Note: this app is a work in progress! If you have any thoughts on how it might be improved, please leave a comment.
All of the files associated with this app, including the code, can be found on github.com, at MonkmanMH/MLBrunscoring_shiny.

This Shiny app is a return to my earlier analysis on run scoring trends in Major League Baseball, last seen in my blog post “Major League Baseball run scoring trends with R’s Lahman package”; see the “References” tab in the Shiny app for more). This project gave me the opportunity to update the underlying data, as well as to introduce some of the coding improvements I’ve learned along the way (notably the packages ggplot2 and dplyr.)

Some notable changes in the code:
  • In the original version (starting here), I treated each league separately, starting with subsetting (now, with dplr, filtering) the Lahman “Teams” table on the lgID variable into two separate data frames which were then used to separately generate the two charts. Now, with ggplot2, I have used the faceting to plot the two leagues, and given the reader the option of making that split or not. This is both more flexible from the reader’s point of view, and more efficient code.
  • In my original approach, the trend lines were generated using the loess function, embedded in a discrete object, and then added to the plot as a separately plotted line.
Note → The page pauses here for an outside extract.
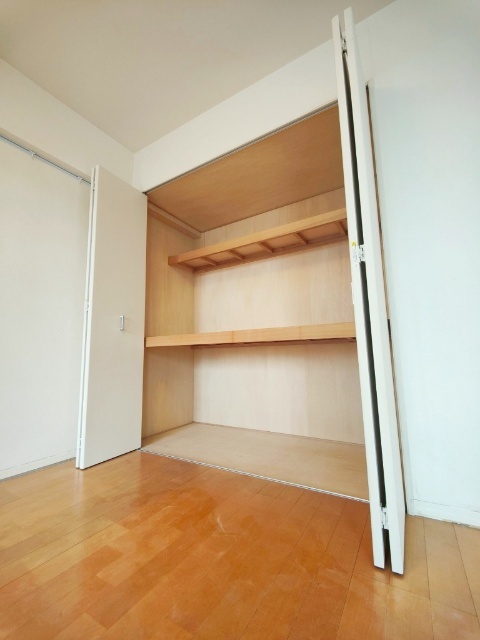 収納　リフォーム前
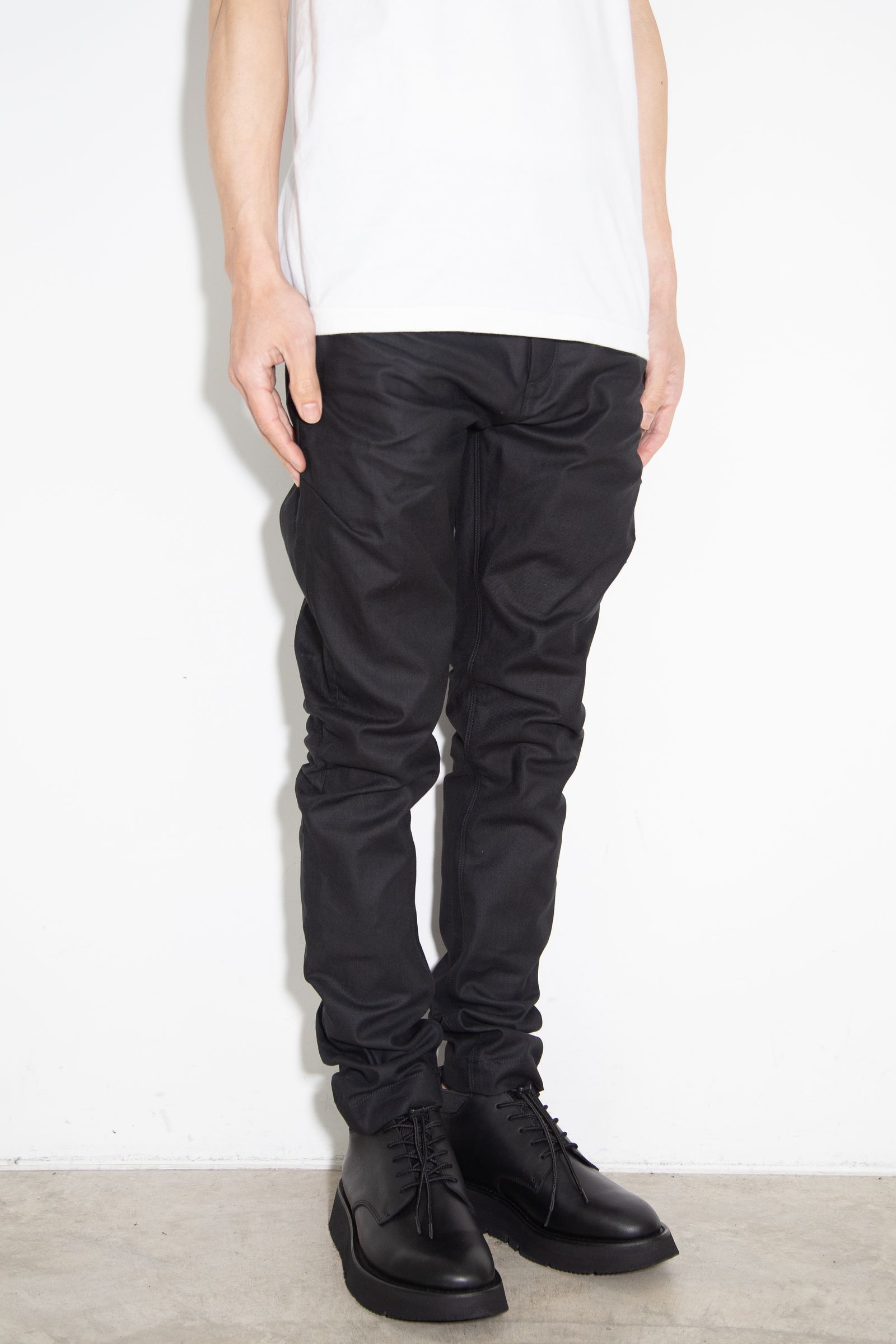 JEANS / ブラック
By using ggplot2, a LOESS trendline can be quickly added to the plot call with the stat_smooth() option, a much more efficient approach.
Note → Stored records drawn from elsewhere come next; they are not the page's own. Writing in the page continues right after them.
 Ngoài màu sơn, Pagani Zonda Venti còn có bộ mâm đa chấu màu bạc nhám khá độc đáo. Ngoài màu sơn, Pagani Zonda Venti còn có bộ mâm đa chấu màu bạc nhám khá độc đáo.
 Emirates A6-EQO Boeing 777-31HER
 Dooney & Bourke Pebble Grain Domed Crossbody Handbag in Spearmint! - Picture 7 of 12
  • The stat_smooth() makes it possible to adjust the degree of smoothing of the tend line through changes to the span specification. Originally this was hard-coded, but is now dynamic, controlled in the Shiny app through a slider widget.
  • The stat_smooth() also includes the option of showing a confidence interval. This is achieved through the level specification. For this, I used a set of radio buttons in the Shiny user interface. (I had initially tried a slider, but was not able to specify a set of pre-defined points for the confidence intervals.)
  • The start and end dates of the league plots are also user-controlled through a slider widget. You will notice that the date in the chart title changes along with the range of the plot.
Other things I learned:
  • Radio buttons return factors, even if they look numeric in the ui.r code. In order to get the values that are input by the user to work in the stat_smooth(), I wrapped them in as.numeric().
  • Tables made with dplyr don't render properly in the Shiny environment; the numbers are all there but the sort function generates an error. My solution to this was to wrap the table created by renderDataTable in the server file with as.data.frame.
  • I already knew that I was struggling to keep up with the changes in the R coding environment, but this exercise opened my eyes to even more potential opportunities. The latest version of Shiny ( as of 2015-01-06) has added a lot of new functionality, but I hadn’t realized the degree of integration with other visualization tools. This recent blog entry, “Goodbye static graphs, hello shiny, ggvis, rmarkdown” by Simon Jackman, gives some hints as to where an integrated analytic & reporting environment might go. Exciting stuff, indeed.